Five-fold cross-validation was performed to generalize the results of our age evaluation model. An IoU score above 0.5 is generally considered to denote good prediction. A previous study conducted cervical segmentation for CVM classification with lateral cephalogram using an ROI detector and U-Net model in conjunction, yielding an average IoU score of 0.918, which was slightly higher than the 0.913 value of this study.¹⁹ As precise ROI segmentation improves image reliability,²⁹ segmentation of the cervical vertebrae in this study could have improved the prediction results. Our study, which used the cervical vertebrae, showed a relatively more accurate result than that of existing deep-learning studies that used pelvic X-rays (RMSE: 1.30 years)³⁰ and dental panoramic radiograph (MAE: 0.826 years for 2–11 years, and 1.229 years for 12–18 years) for age estimation.³¹ A strong correlation was also observed between the real and predicted bone age obtained using the automatic and manual ROI methods in this study (the coefficients of determination were 0.983 and 0.934, respectively).

Deep-learning has shown excellent performance in image classification, detection, and segmentation; however, it is not easy to understand the decision-making process that takes place inside a deep neural network. Thus, the deep-learning process is often compared to a “black box”. Several approaches have been proposed to investigate the optimal information for classification using neural networks.^32,33 We used the Grad-RAM technique²⁶ to generate heatmaps to determine the part of an image that was locally discriminative for age regression. This confirmed that there is a difference in the heatmap generation pattern according to the ROI segmentation.

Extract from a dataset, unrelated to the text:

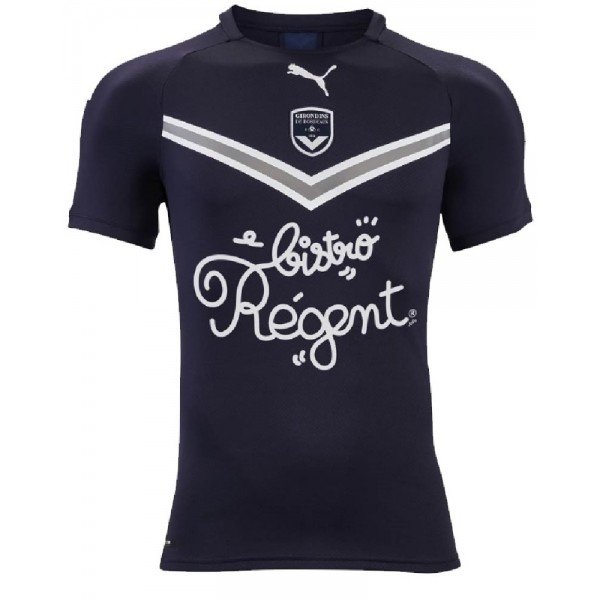 Camisa oficial Puma Bordeaux 2019 2020 I Jogador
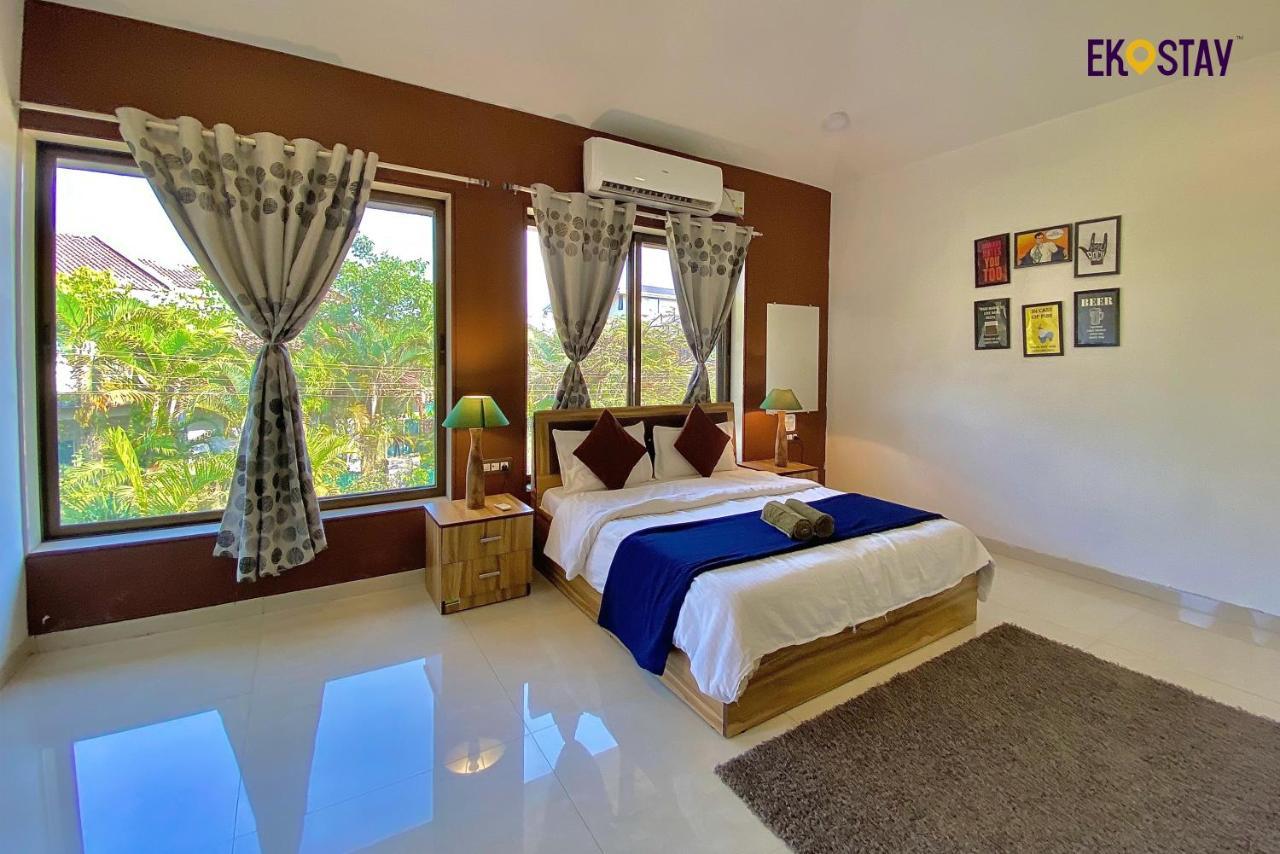 Eko Stay- Tropicana Villa Lonavala Dış mekan fotoğraf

This study had several limitations. First, the small sample size affects the performance of the deep-learning model, and participants are limited to growing Korean children. It is well known that the median bone age of patients of the same sex in a group is identical. Based on this notion, the Greulich–Pyle method, which evaluates bone age based on median hand X-ray images, has been used worldwide.³⁴ Therefore, based on this study, if a large multi-center data is trained in the future, automatic evaluation of bone age will be possible using reference radiographs of the cervical vertebrae corresponding to the median age. Second, although our model segmented whole cervical vertebrae including spinous processes shown in lateral cephalogram to estimate bone age, there is a difference in each lateral cephalogram. In addition, two-dimensional lateral cephalogram may be afflicted by artefacts such as magnification errors, patients with cranio-facial asymmetry and the superimposition of anatomical structures.³⁵ This can lead to difficulty in evaluating craniofacial morphology. In the future, reliable three-dimensional cephalometric computed tomography analysis can aid in the creation of a deep-learning model with better performance. Furthermore, it is necessary to validate the results using comparative studies of deep-learning models and humans.

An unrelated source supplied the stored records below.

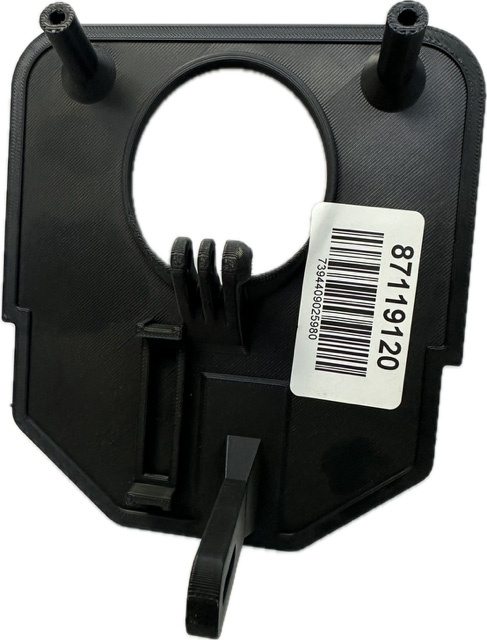 Husqvarna 2024- 3D-Druck Lampenhalter Nizled für 1xE30F/E40F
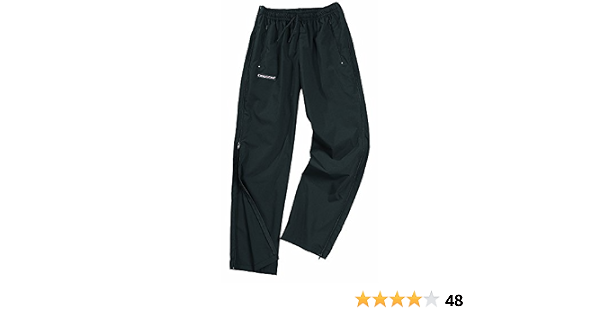 Dobsom Reha Saltö - Pantaloni con apertura laterale, taglia L : Amazon.it:  Abbigliamento
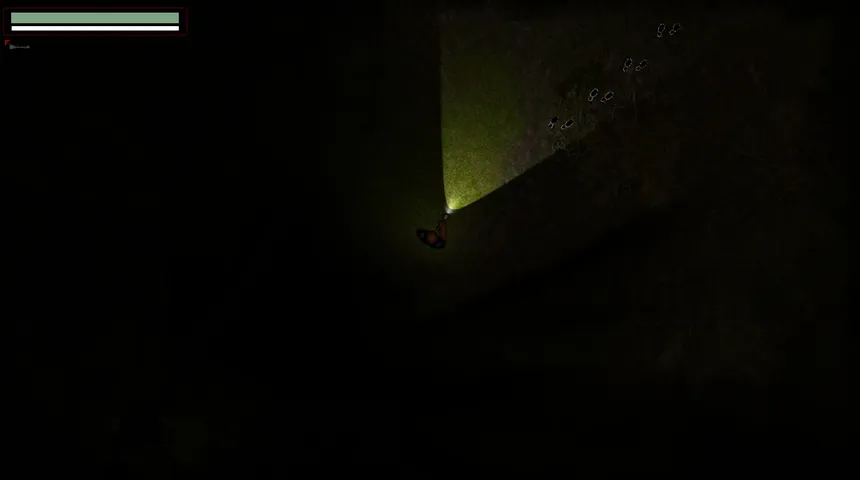 Скриншот 3 к игре Zovid-19 Remake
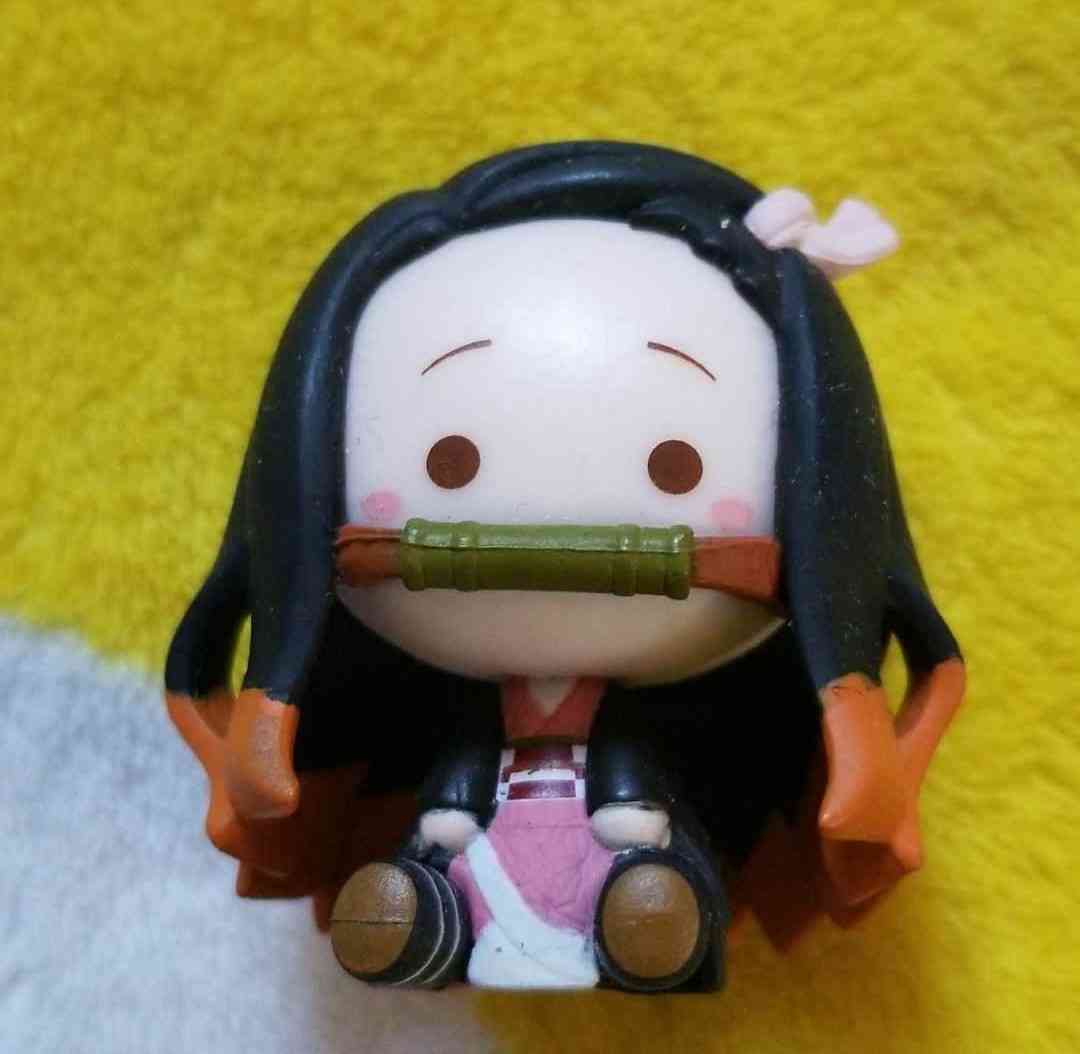 アニメ『鬼滅の刃』禰豆子が海外で大炎上！「とても不気味」「おぞましい」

In this study, we proposed a novel method to estimate bone age through automatic cervical vertebrae segmentation from lateral cephalograms. We found that bone age can be estimated with high accuracy from the cervical vertebrae using lateral cephalogram. The results of this study may encourage clinicians in the medical and dental fields to use lateral cephalogram for skeletal maturity evaluation without the routine use of hand-wrist radiograph.

Declaration of competing interest

All authors have no conflict of interest relevant to this article.